But after an extended interview with Garber on Friday, several external issues came into focus that will affect Sacramento’s desire to be an MLS city.

First and foremost, MLS is not the NBA. When Johnson and others fought to keep the Kings from relocating to Seattle, they could be confident that a powerful league – and a powerful leader in former NBA Commissioner David Stern – commanded the process, and that the league knew what it wanted to do.

Garber readily admits that MLS doesn’t yet know what it wants to do when it comes to expanding beyond the 24 teams that are either already operating or approved by the league.

“I don’t have a point of view today on expansion (beyond 24 teams),” Garber said Friday. “We’re going to put together our plan, and as part of our plan we are going to lay out potential markets we can move into.”

Garber seems confusing to some in Sacramento. By his own admission, Sacramento has done everything asked of it by MLS.

“We told Sacramento that they needed to have the right ownership group, and they have that,” he said. “We told them they need to have a stadium plan, and we believe they do. And we told them they needed to prove the market through attendance. There is no doubt that all the elements are in place … Sacramento is far more advanced than any other market we are talking to.”

So what’s the problem? Why isn’t Sacramento Republic getting the green light in the way Sacramento prevailed when keeping the Kings from relocating to Seattle?

It’s the world of difference between the two sports leagues.

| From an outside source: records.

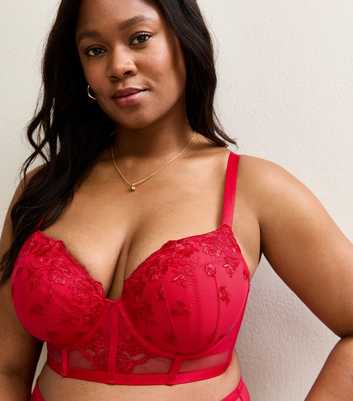 Curves Red Floral Embroidered Lace Plunge Bra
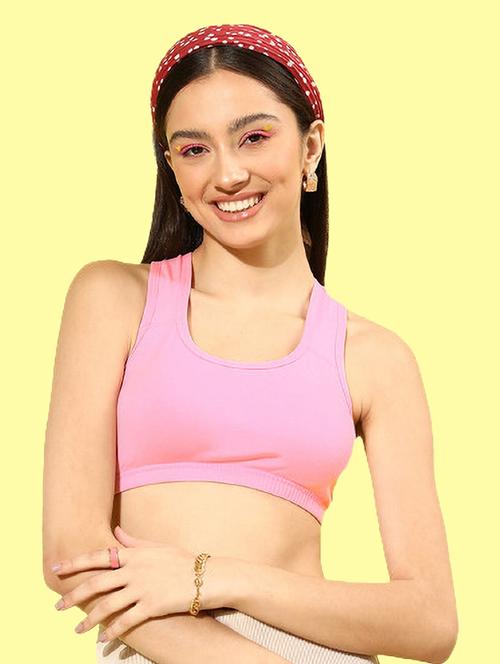pink cotton blend sports bra - 21234589 - Very Small Image - 1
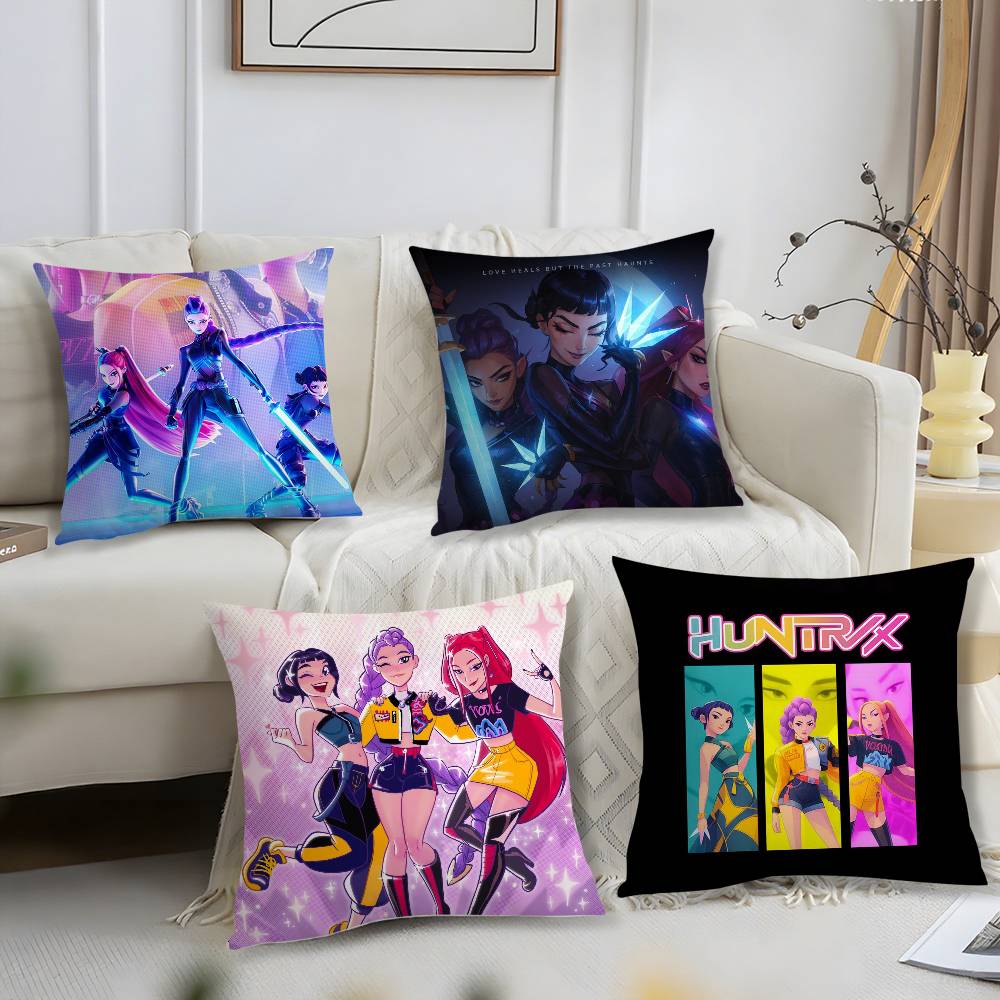 Anime Kpop D-Demon H-Hunters Pillow Case Sofa Short Plush Double-sided HD Printing Room Home Office Gift Cushion Cover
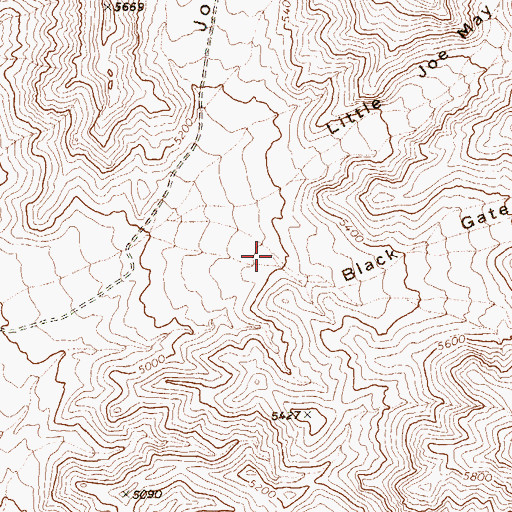 Topographic Map of Black Gate Canyon, NV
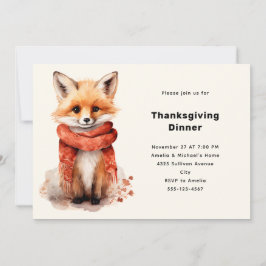 Invitation Cute Fox Pup in a Red Scarf Thanksgiving Dinner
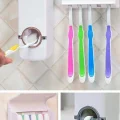 BUĞZ 5li Diş Fırçalık Macun Sıkıcı Seti Duvara Monte Beyaz Hijyenik Pratik Organizer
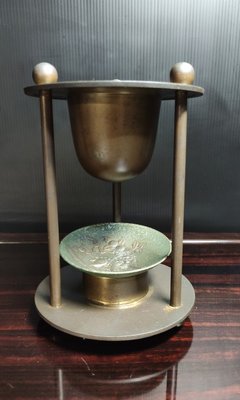 早期銅雕老件-猴子銀盤雙層油燈（辦公室/銅雕/雕刻/收藏/古董/擺件/擺飾）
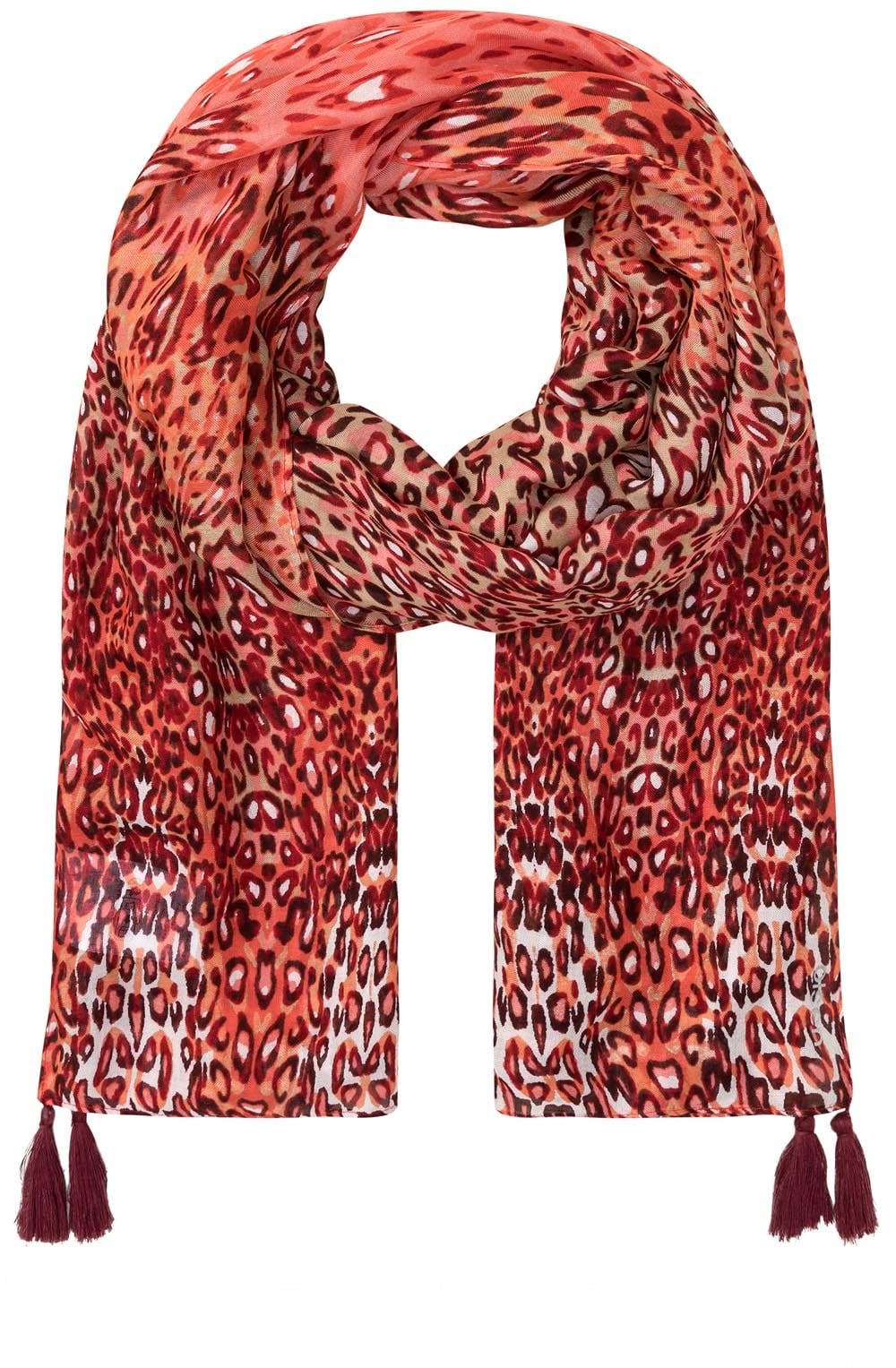 Spiced Orange Animal Print Tasselled Scarf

The NBA had already moved beyond its years of struggling for relevancy in the 1970s to being a global colossus in the sports world by the time it was deciding the fate of the Kings in Sacramento. That afforded a position of institutional strength. The NBA had the confidence to tell the Kings bidders in Seattle – who were offering more than Sacramento bidders – to get lost.

MLS is still in its infancy, barely 20 years old. The league is still losing money as a sports enterprise and is still struggling with TV ratings that need to be higher to generate more revenues.

While the NBA spoke with one voice – Stern’s – on the Kings relocation question, MLS is fighting battles with other forces within American soccer.

Jurgen Klinsmann, the German-born coach of the U.S. Men’s National Team, has angered Garber by saying top American players are best served by skipping MLS and playing abroad.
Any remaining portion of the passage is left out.